Purification and characterization of molybdenum-containing aldehyde dehydrogenase that oxidizes benzyl maltol derivative from Pseudomonas nitroreducens SB32154
Hibi, Makoto,Kozono, Iori,Ogawa, Jun,Takeuchi, Michiki
, p. 2390 - 2400 (2020/08/05)
Maltol derivatives are used in a variety of fields due to their metal-chelating abilities. In the previous study, it was found that cytochrome P450 monooxygenase, P450nov, which has the ability to effectively convert the 2-methyl group in a maltol derivative, transformed 3-benzyloxy-2-methyl-4-pyrone (BMAL) to 2-(hydroxymethyl)-3-(phenylmethoxy)-4H-pyran-4-one (BMAL-OH) and slightly to 3-benzyloxy-4-oxo-4 H-pyran-2-carboxaldehyde (BMAL-CHO).

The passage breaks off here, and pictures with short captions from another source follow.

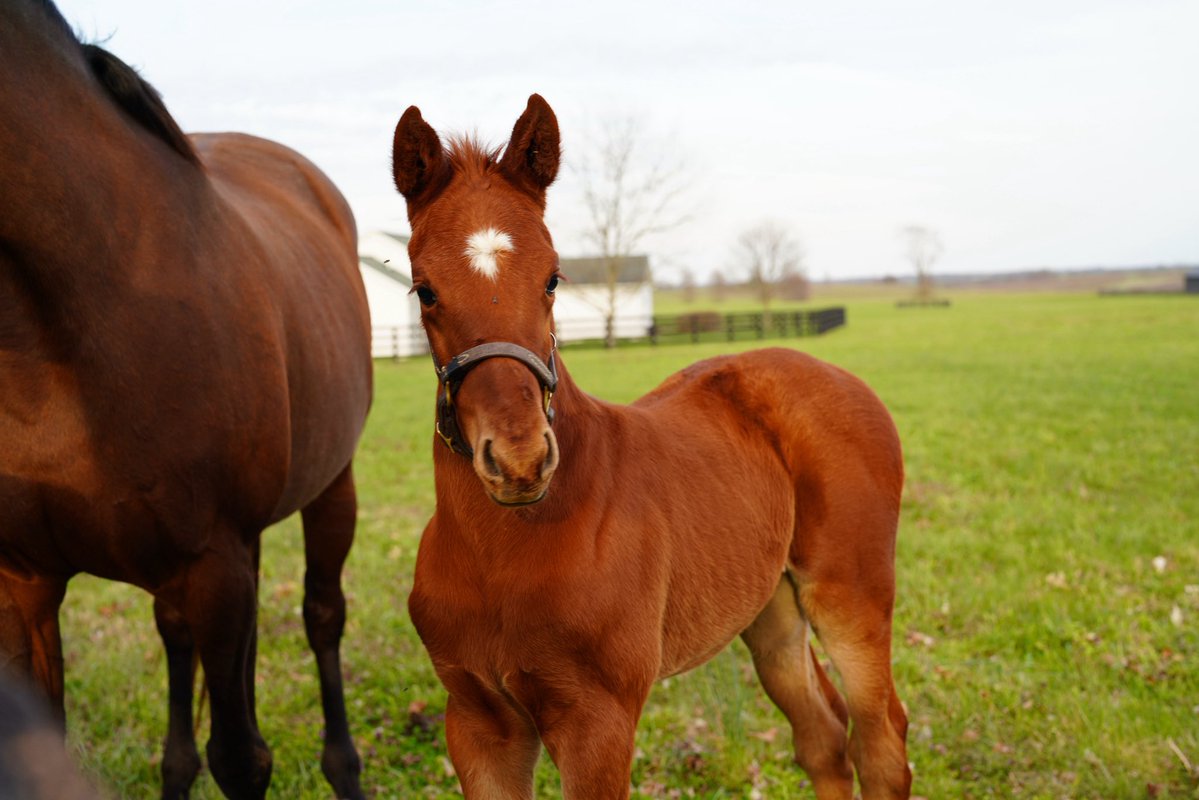 Godolphin tweet media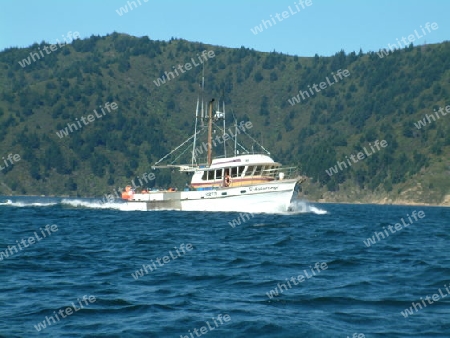 Fishing Boat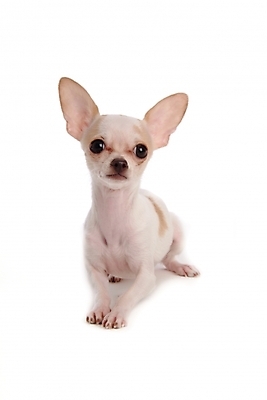 포토 JPG 스튜디오촬영 동물 척추동물 한마리 육지동물 반려견 포유류 사람없음 반려동물 개 강아지 치와와 반려 국내포토 1 실내 파일형식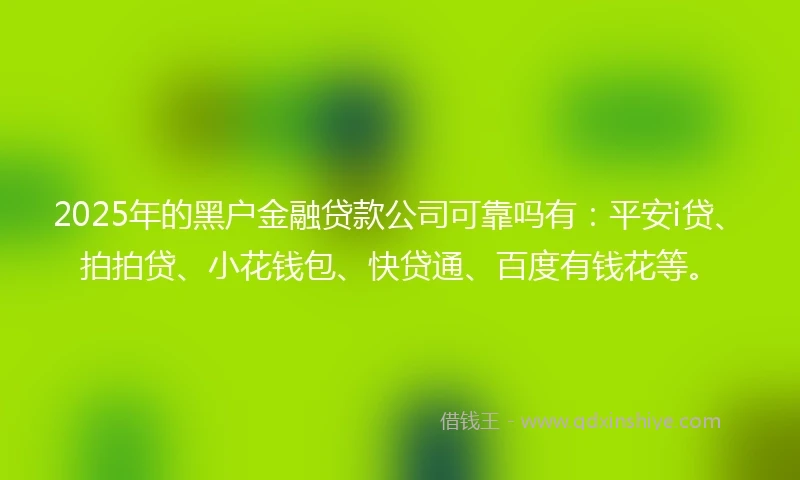 2025年的黑户金融贷款公司可靠吗有：平安i贷、拍拍贷、小花钱包、快贷通、百度有钱花等。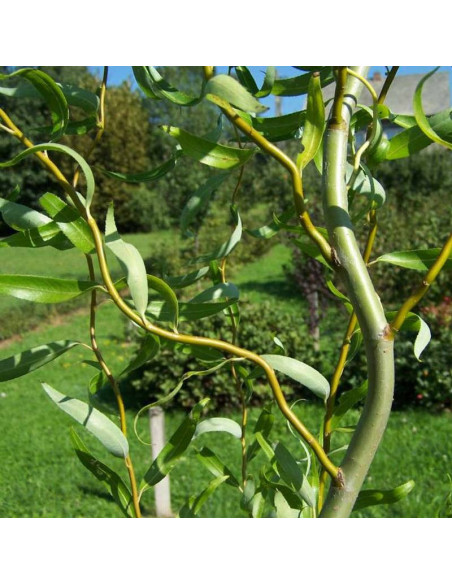 Ural Salix babylonica Wierzba babilońska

We isolated Pseudomonas nitroreducens SB32154 with the ability to convert BMAL-CHO to BMAL-COOH from soil. The enzyme responsible for aldehyde oxidation, a BMAL-CHO dehydrogenase, was purified from P. nitroreducens SB32154 and characterized. The purified BMAL-CHO dehydrogenase was found to be a xanthine oxidase family enzyme with unique structure of heterodimer composed of 75 and 15 kDa subunits containing a molybdenum cofactor and [Fe-S] clusters, respectively. The enzyme showed broad substrate specificity toward benzaldehyde derivatives. Furthermore, one-pot conversion of BMAL to BMAL-COOH via BMAL-CHO by the combination of the BMAL-CHO dehydrogenase with P450nov was achieved.